Trellick Tower is an iconic 32-storey tower block in North Kensington, London. Its controversial brutalist style was designed by architect Erno Goldfinger after a commission from the Greater London Council in 1966, and completed in 1972. It is a Grade II listed building and is 98 metres tall (120 metres including the communications mast) making it the tallest social housing building in Europe - around 10m taller than The Sentinels in Birmingham and 51 Whitevale Street and 109 Bluevale Street in Glasgow.
Goldfinger's design is based on his earlier and slightly smaller Balfron Tower (in Poplar, east London), and is in effect a sister building. It is also remarkably similar to Anniesland Court in Glasgow. It has a long, thin profile, with a separate lift and service tower linked at every third storey to the access corridors in the main building; flats above and below the corridor levels have internal stairs. The building contains 217 flats and was originally entirely owned by the GLC with the flats rented as council flats. Shortly after its completion the building was transferred to the local council (the Royal Borough of Kensington and Chelsea). Most of the flats are still social housing, but a significant minority are now privately owned.
The tower was completed at a time when high-rise tower blocks were going out of fashion as local authorities were beginning to realise the social problems they caused. By the late 1970s, Trellick Tower had a very poor reputation for crime and anti-social behaviour (with extreme case reports of women being raped in the lifts and drug addicts attacking children), and many tenants resisted a transfer there. However, with the introduction of the 'right to buy' council homes, many of the flats were bought by the tenants.
On October 8, 1984 a new residents' association was formed. As a result of pressure from the occupants, several security improvements including a door entry intercom system and the employment of a concierge were undertaken from the mid-1980s. Property prices rose and flats in the tower came to be regarded as highly desirable residences by some people, despite the slightly gritty edge which remains. Private properties inside the tower now sell for between £250,000 for a one-bedroom flat to £500,000 for three-bedrooms, whilst the tower itself has become something of a local cult landmark and was awarded a Grade II listing in 1998.
From 1978 the tower came to the attention of London pirate radio station Thameside Radio who used Trellick Tower as a transmitter site for many of its broadcasts until 1983. For most of 1980, the radio station had a transmitter permanently installed in a space between floors near the top of the lift tower. It took the authorities many hours of searching to find and remove the transmitter.
In December 1989, a low power television relay transmitter was added to the existing communications equipment on the top of the lift tower. This was to solve reception problems for some residents of adjacent districts, including Notting Hill and Westbourne Grove. The transmitter is referred to by the BBC and Ofcom as "Kensal Town".

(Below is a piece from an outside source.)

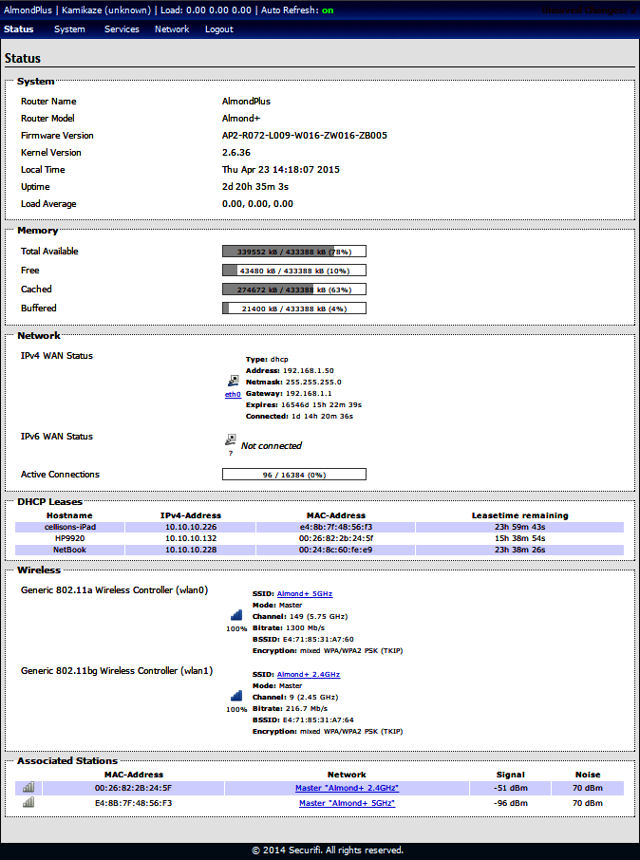 Securifi Almond+ OpenWRT Status Page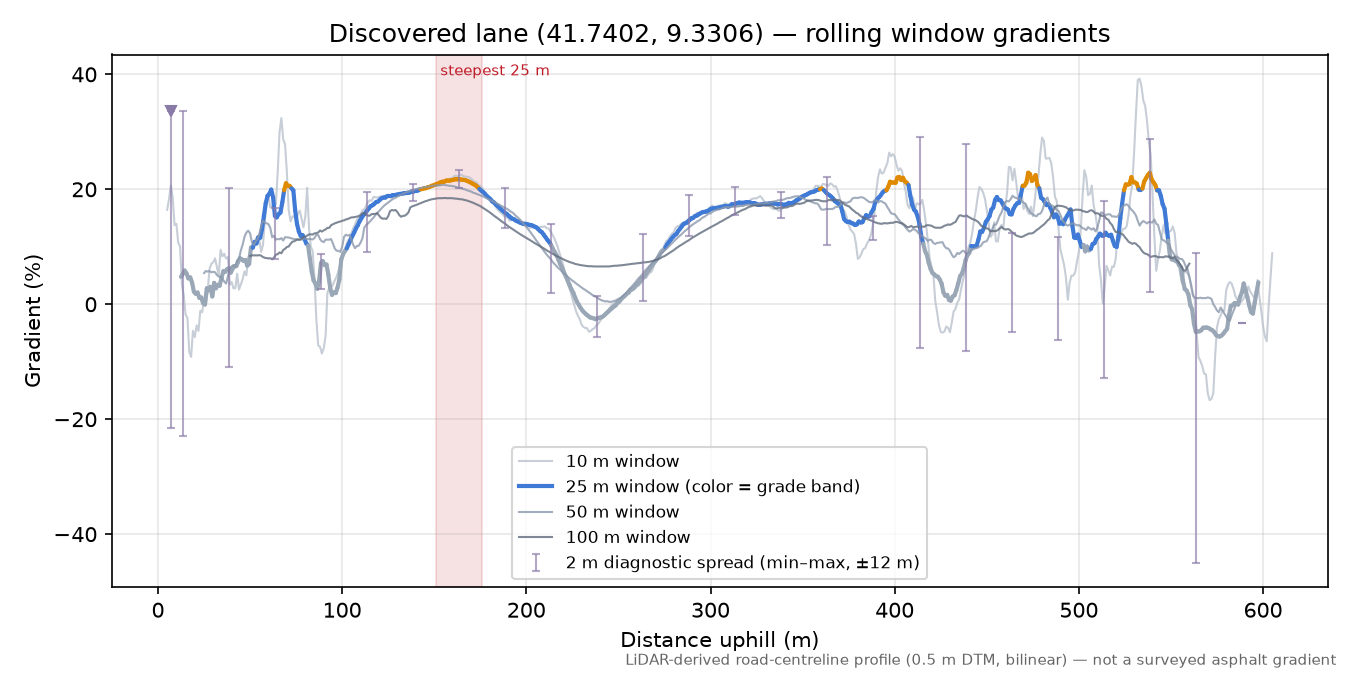 Discovered lane (41.7402, 9.3306) rolling gradient profile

The projection at the top of the services tower is the plant room. The majority of the plant is located at the top of the tower. The grouping together of the boiler and hot water storage tanks reduces the need for pumps and reduces the amount of pipework needed. Shorter pipe runs also reduce heat loss. The oil fired boilers originally used became obsolete due to the 1973 oil crisis, the year after the tower opened. The flats now have electric heaters and the plant room lies practically empty. A planning application was made to convert it into a penthouse apartment but was refused by the local council.